Let $\mathrm{P}(n): \sqrt{n}<\frac{1}{\sqrt{1}}+\frac{1}{\sqrt{2}}+\frac{1}{\sqrt{3}}+\ldots+\frac{1}{\sqrt{n}}$ for all natural numbers $n \geq 2$.
Step I: For $n=2$,
$\mathrm{P}(2)$ :
LHS $=\sqrt{2} \approx 1.414$
$\mathrm{RHS}=\frac{1}{\sqrt{1}}+\frac{1}{\sqrt{2}}=1+\frac{\sqrt{2}}{2} \approx 1+0.707=1.707$
As, LHS $<$ RHS
So, it is true for $n=2$.
Step II : For $n=k$,
Let $\mathrm{P}(k): \sqrt{k}<\frac{1}{\sqrt{1}}+\frac{1}{\sqrt{2}}+\frac{1}{\sqrt{3}}+\ldots+\frac{1}{\sqrt{k}}$ be true for some natural numbers $n \geq 2$.
Step III : For $n=k+1$,
$\mathrm{P}(k+1):$
$\mathrm{LHS}=\sqrt{k+1}$
$\mathrm{RHS}=\frac{1}{\sqrt{1}}+\frac{1}{\sqrt{2}}+\frac{1}{\sqrt{3}}+\ldots+\frac{1}{\sqrt{k}}+\frac{1}{\sqrt{k+1}}$
$>\sqrt{k}+\frac{1}{\sqrt{k+1}}$
As, $\sqrt{k+1}>\sqrt{k}$
$\Rightarrow \frac{\sqrt{k}}{\sqrt{k+1}}<1$
$\Rightarrow \frac{k}{\sqrt{k+1}}<\sqrt{k}$
$\Rightarrow \frac{k+1}{\sqrt{k+1}}-\frac{1}{\sqrt{k+1}}<\sqrt{k}$
$\Rightarrow \sqrt{k+1}-\frac{1}{\sqrt{k+1}}<\sqrt{k}$
$\Rightarrow \sqrt{k}+\frac{1}{\sqrt{k+1}}>\sqrt{k+1}$
i.e.

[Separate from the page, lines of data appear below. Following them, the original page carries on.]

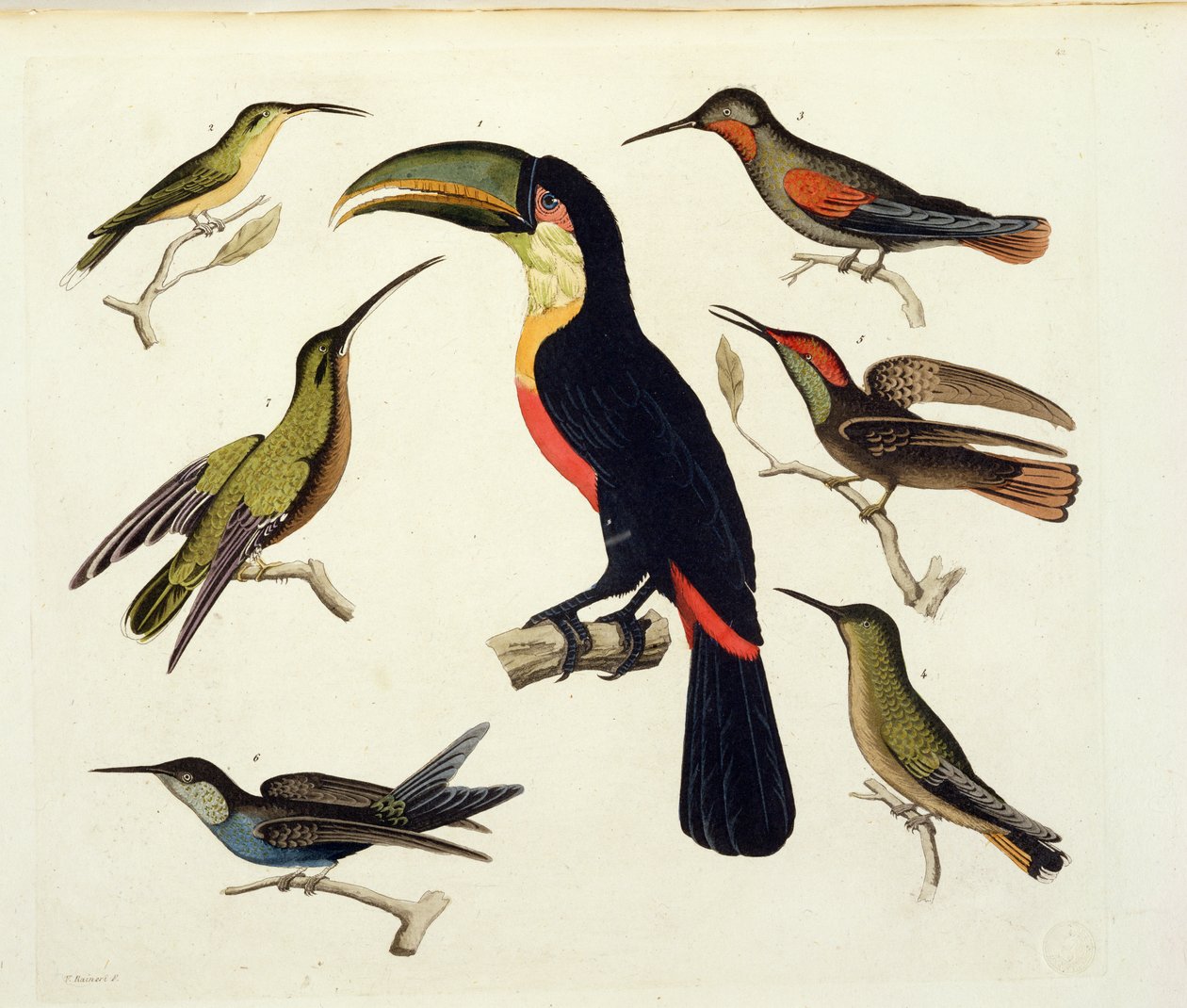 Ptaki rodzime, w tym Tukan (w środku), Amazonka, Brazylia, z „Le Costume Ancien et Moderne”, tom II, płyta 42, autorstwa Julesa Ferrario, sztych. V. Raineri, wydana ok. 1820-30 autorstwa Baron Friedrich Alexander von Humboldt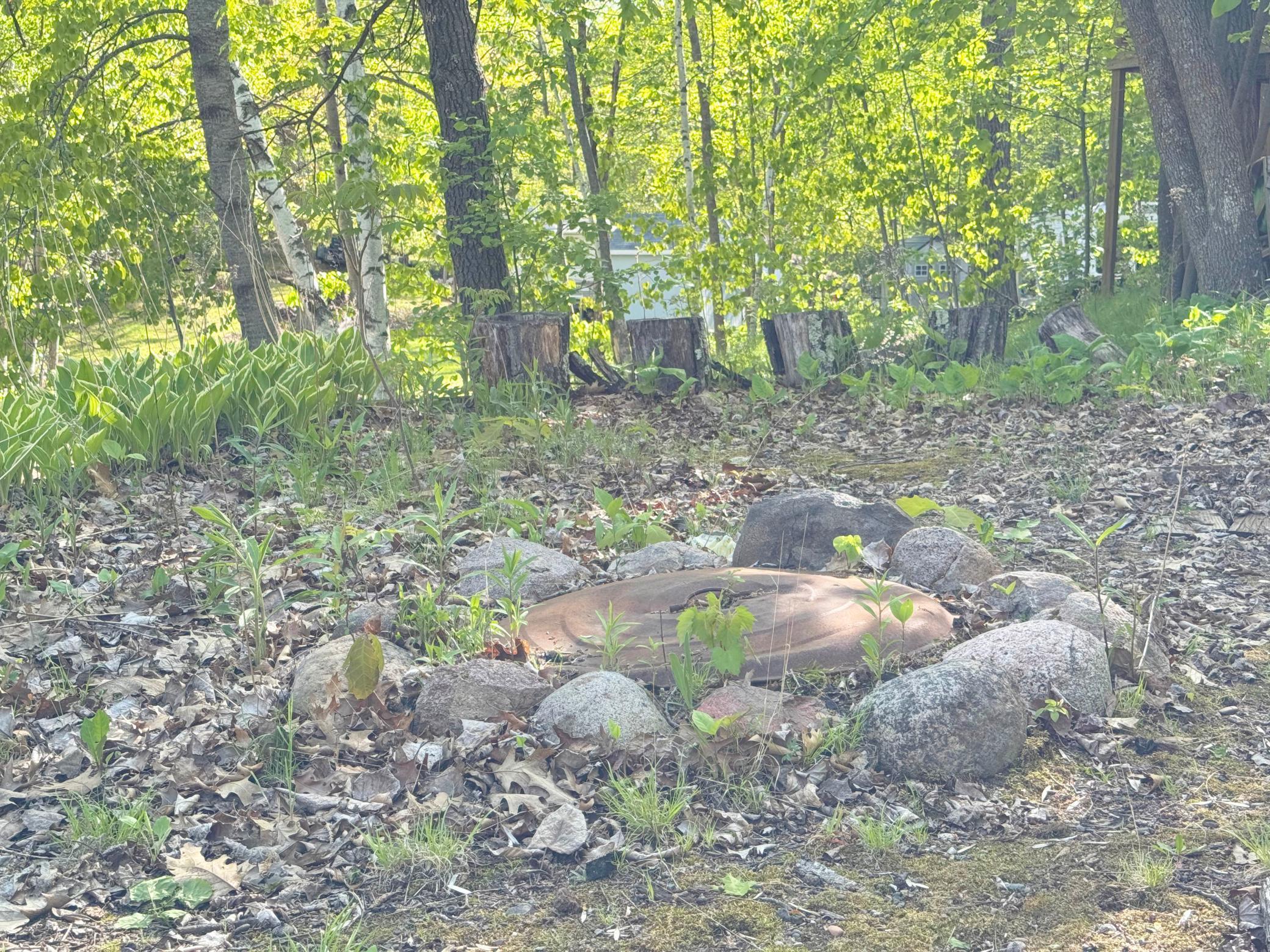 L6-7 B8 Casual Trail, Garrison, Minnesota image 18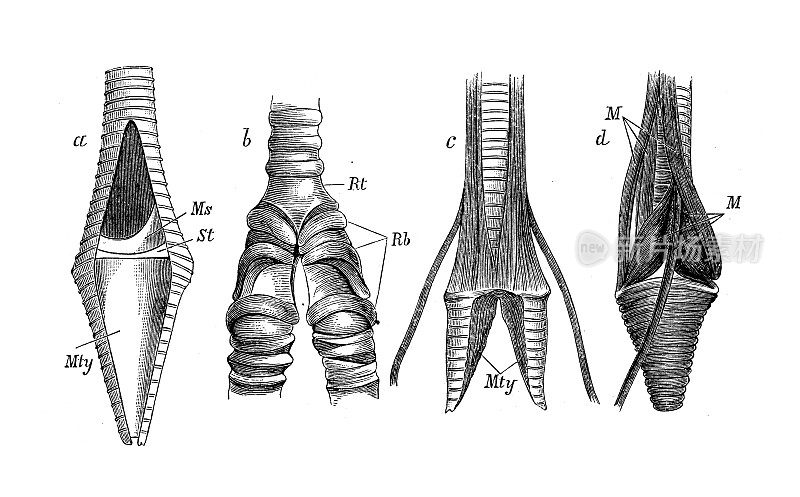 古代生物动物学图像:乌鸦的下喉部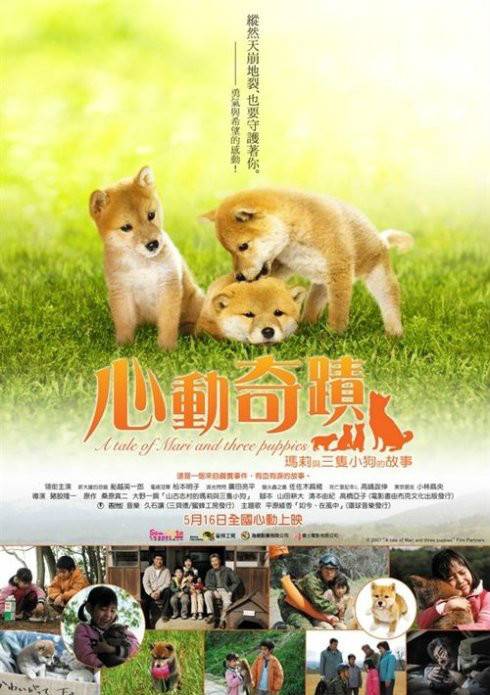 玛莉和它的孩子们的故事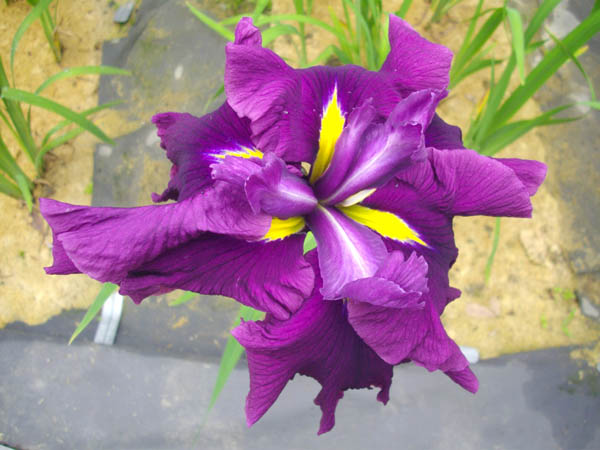 播州山崎花菖蒲園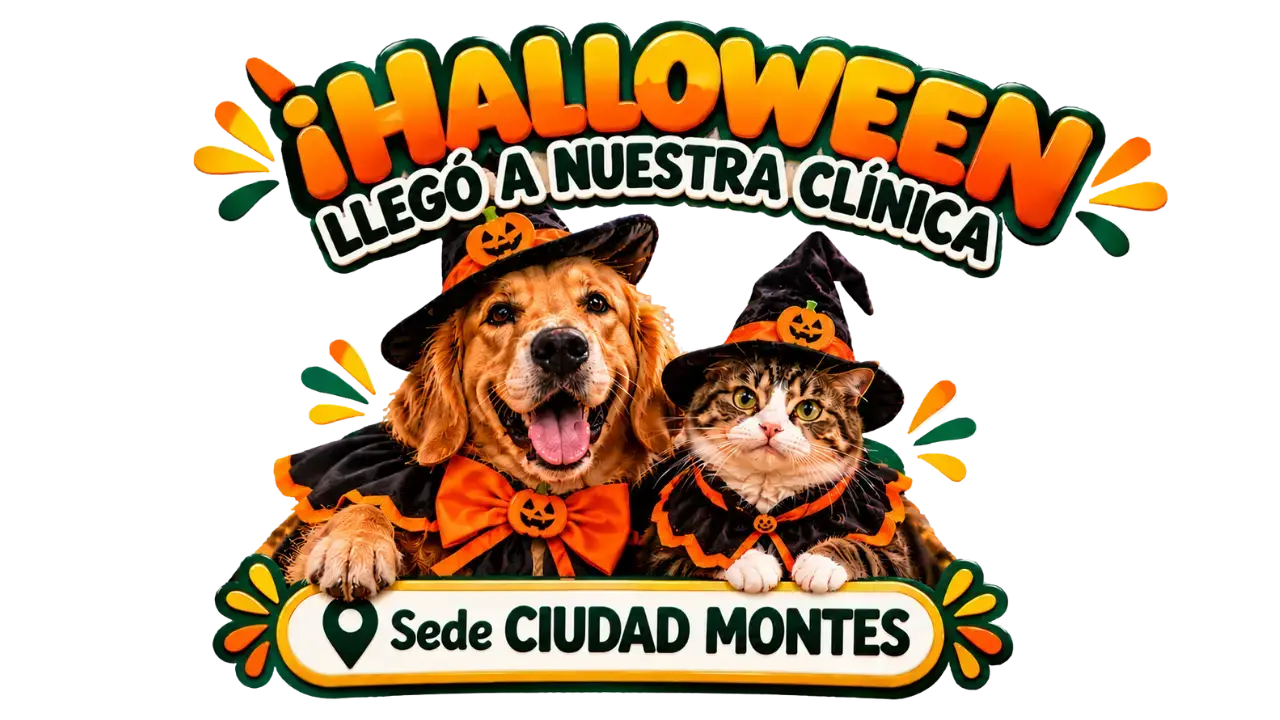 sede Montes sede Montes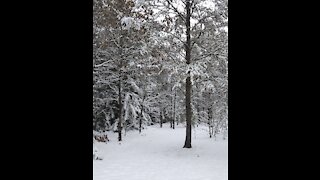 First snowfall at Dad's house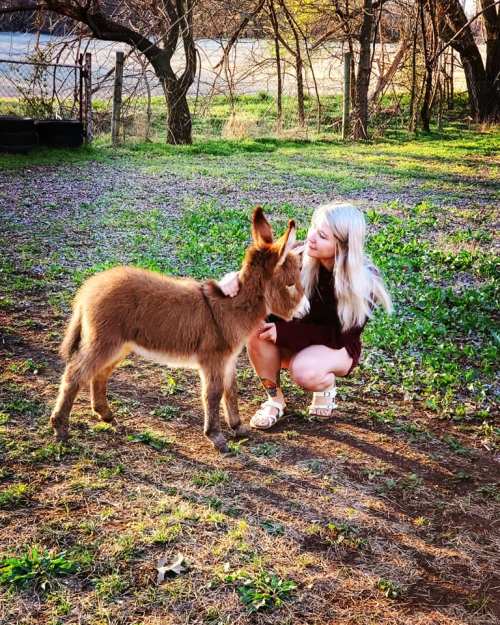 A girl kneels beside a young donkey in a grassy area, sharing a gentle moment together.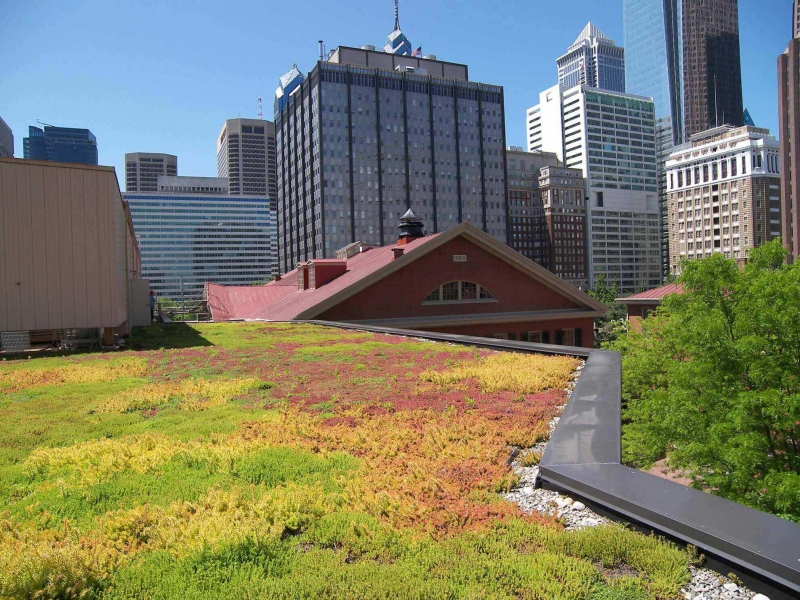 paysagiste-PEYMEINADE-min_green-roof-portfolio-4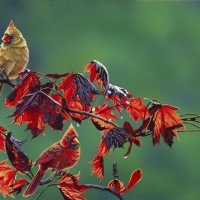 Fall Cardinals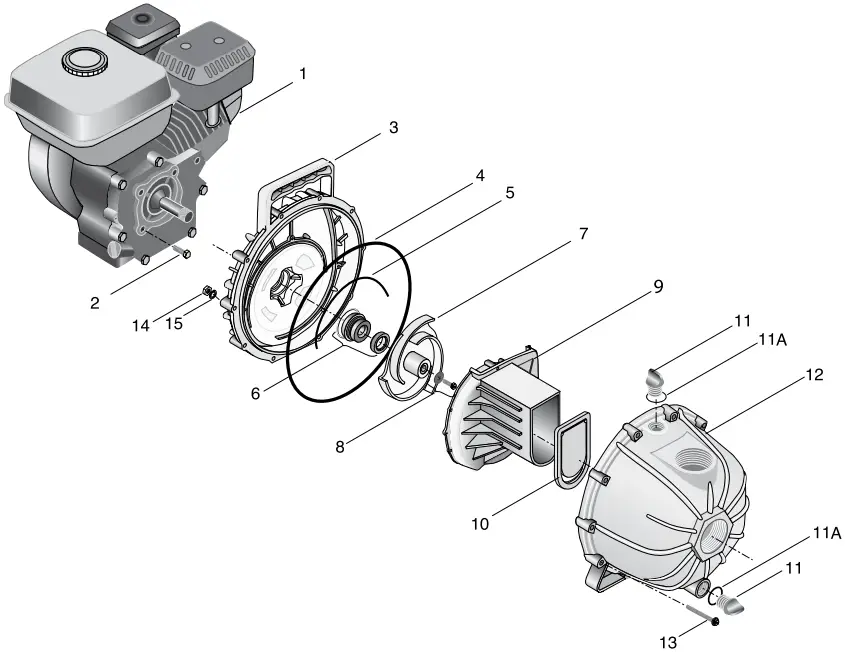 Pump Replacement Exploded View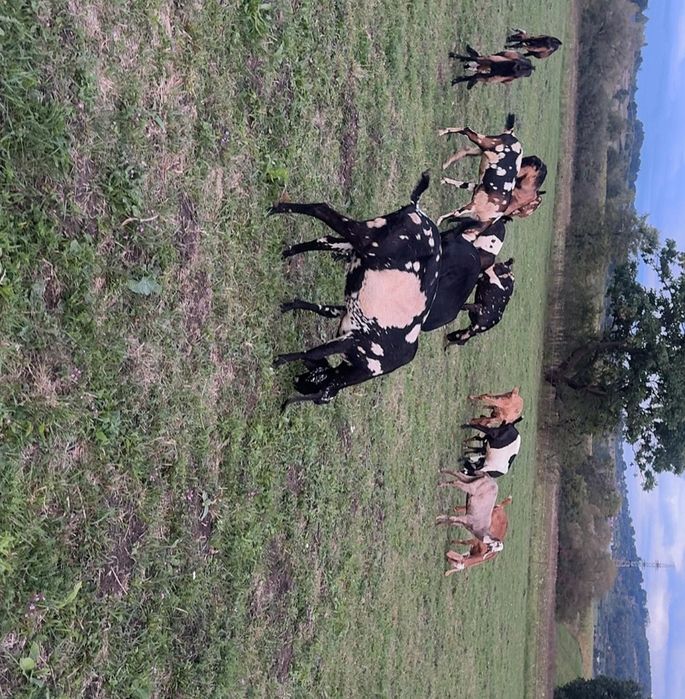 Capre anglo nubiene de vanzare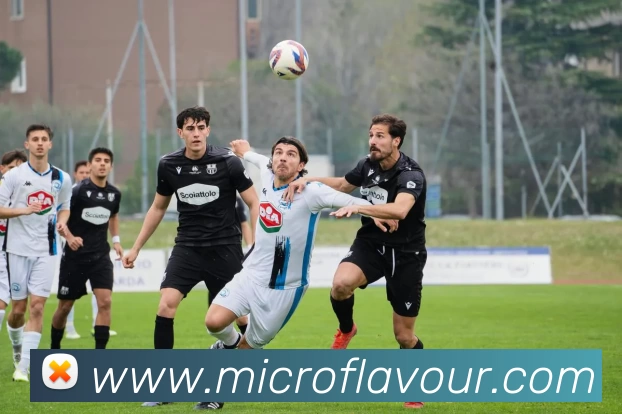 k1体育39152十年品牌服务体系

LHS $<$ RHS
So, it is also true for $n=k+1$.
Hence, $\mathrm{P}(n): \sqrt{n}<\frac{1}{\sqrt{1}}+\frac{1}{\sqrt{2}}+\frac{1}{\sqrt{3}}+\ldots+\frac{1}{\sqrt{n}}$ for all natural numbers $n \geq 2$.